Communications Biology (Jul 2025)
Fear perception as a function of hemisphere- and time-specific dynamics in the medial temporal lobes
Abstract
Abstract The medial temporal lobes (mTL) are thought to enhance visual processing of fearful faces, yet the underlying mechanisms remain underspecified. To fill this gap, we recorded and compared event-related potentials (ERPs) and stimulus-induced gamma-band activity (GBA) from 36 patients with left- or right-hemispheric antero-medial temporal lobe resections including the amygdala (lTLR/rTLR) and 18 healthy controls.
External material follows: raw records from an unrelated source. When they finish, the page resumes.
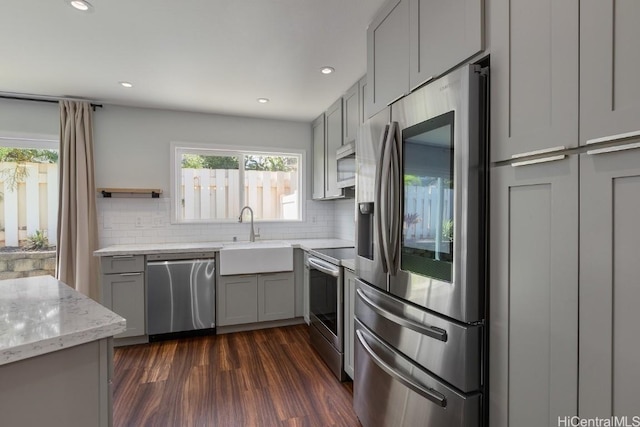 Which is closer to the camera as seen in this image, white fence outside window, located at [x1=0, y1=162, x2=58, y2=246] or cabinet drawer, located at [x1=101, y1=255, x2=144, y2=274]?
cabinet drawer, located at [x1=101, y1=255, x2=144, y2=274]

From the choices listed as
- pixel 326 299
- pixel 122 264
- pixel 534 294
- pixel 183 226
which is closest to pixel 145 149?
pixel 183 226

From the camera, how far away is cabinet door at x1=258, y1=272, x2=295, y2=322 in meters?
3.50

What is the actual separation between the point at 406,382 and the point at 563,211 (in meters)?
0.99

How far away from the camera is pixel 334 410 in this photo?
6.81 feet

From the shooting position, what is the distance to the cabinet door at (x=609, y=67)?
742 mm

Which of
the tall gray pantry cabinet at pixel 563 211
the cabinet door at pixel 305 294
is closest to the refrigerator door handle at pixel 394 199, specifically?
the tall gray pantry cabinet at pixel 563 211

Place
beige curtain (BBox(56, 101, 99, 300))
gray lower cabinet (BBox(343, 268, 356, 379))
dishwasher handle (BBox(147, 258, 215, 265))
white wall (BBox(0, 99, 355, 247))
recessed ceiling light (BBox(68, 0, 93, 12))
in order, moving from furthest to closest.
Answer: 1. white wall (BBox(0, 99, 355, 247))
2. beige curtain (BBox(56, 101, 99, 300))
3. dishwasher handle (BBox(147, 258, 215, 265))
4. gray lower cabinet (BBox(343, 268, 356, 379))
5. recessed ceiling light (BBox(68, 0, 93, 12))

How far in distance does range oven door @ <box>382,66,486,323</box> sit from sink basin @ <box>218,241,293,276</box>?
2.08 m

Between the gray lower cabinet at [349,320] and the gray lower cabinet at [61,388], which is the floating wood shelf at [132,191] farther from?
the gray lower cabinet at [61,388]

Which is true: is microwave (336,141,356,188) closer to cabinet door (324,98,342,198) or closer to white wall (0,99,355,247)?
cabinet door (324,98,342,198)

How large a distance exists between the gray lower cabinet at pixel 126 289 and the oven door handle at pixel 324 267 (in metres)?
1.73

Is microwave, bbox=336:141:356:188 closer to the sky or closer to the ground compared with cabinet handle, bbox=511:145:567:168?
closer to the sky

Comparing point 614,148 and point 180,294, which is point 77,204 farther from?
point 614,148

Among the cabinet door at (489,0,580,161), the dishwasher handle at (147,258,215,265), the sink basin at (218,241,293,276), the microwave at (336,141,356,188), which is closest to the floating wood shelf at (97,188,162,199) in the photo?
the dishwasher handle at (147,258,215,265) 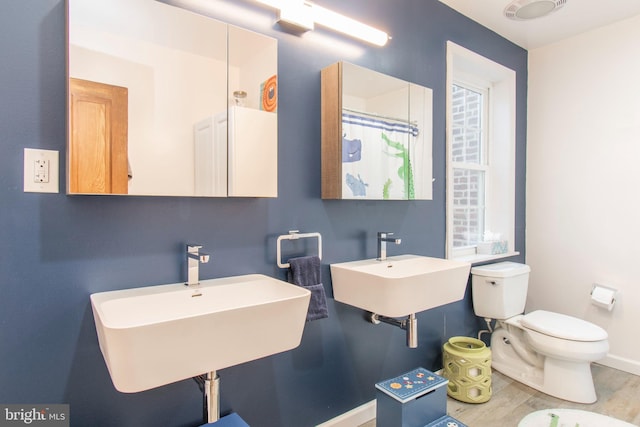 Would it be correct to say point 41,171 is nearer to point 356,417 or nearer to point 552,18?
point 356,417

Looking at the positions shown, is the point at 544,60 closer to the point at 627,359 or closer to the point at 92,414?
the point at 627,359

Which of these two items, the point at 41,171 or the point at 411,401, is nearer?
the point at 41,171

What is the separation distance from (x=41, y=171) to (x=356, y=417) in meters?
1.74

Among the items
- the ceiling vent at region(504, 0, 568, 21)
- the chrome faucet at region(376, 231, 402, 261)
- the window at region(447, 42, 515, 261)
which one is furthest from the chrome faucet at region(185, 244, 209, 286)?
the ceiling vent at region(504, 0, 568, 21)

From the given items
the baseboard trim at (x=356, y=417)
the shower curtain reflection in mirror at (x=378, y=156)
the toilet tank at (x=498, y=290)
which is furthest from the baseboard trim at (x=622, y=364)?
the shower curtain reflection in mirror at (x=378, y=156)

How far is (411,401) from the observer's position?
1617 mm

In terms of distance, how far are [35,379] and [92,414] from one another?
21cm

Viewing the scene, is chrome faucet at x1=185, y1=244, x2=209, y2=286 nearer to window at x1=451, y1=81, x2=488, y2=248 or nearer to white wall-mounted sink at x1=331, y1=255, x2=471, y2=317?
white wall-mounted sink at x1=331, y1=255, x2=471, y2=317

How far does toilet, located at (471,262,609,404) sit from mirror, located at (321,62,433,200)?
89 centimetres

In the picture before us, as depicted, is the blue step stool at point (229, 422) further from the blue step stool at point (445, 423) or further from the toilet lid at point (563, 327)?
the toilet lid at point (563, 327)

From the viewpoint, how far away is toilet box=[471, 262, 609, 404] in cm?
205

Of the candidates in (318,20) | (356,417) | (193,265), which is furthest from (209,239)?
(356,417)

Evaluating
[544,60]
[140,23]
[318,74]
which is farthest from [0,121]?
[544,60]

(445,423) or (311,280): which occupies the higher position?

Only rTLR patients were found to lack fear-neutral differentiation in early P1 amplitudes (~100 ms) and exhibited heightened GBA for neutral faces over ipsi-resectional occipito-temporal areas (95–300 ms). lTLR patients showed strongest emotion differentiation in ERP components beyond the P1. Therefore, the right mTL, potentially particularly the amygdala, appears to support rapid attentional shifts toward fear and to coordinate fear-neutral differentiation in GBA. Conversely, the left mTL seems to down-regulate fear responses. These results reveal complementary, lateralized, and time-specific roles of the medial temporal lobes in fear processing, thereby refining models of emotional vision.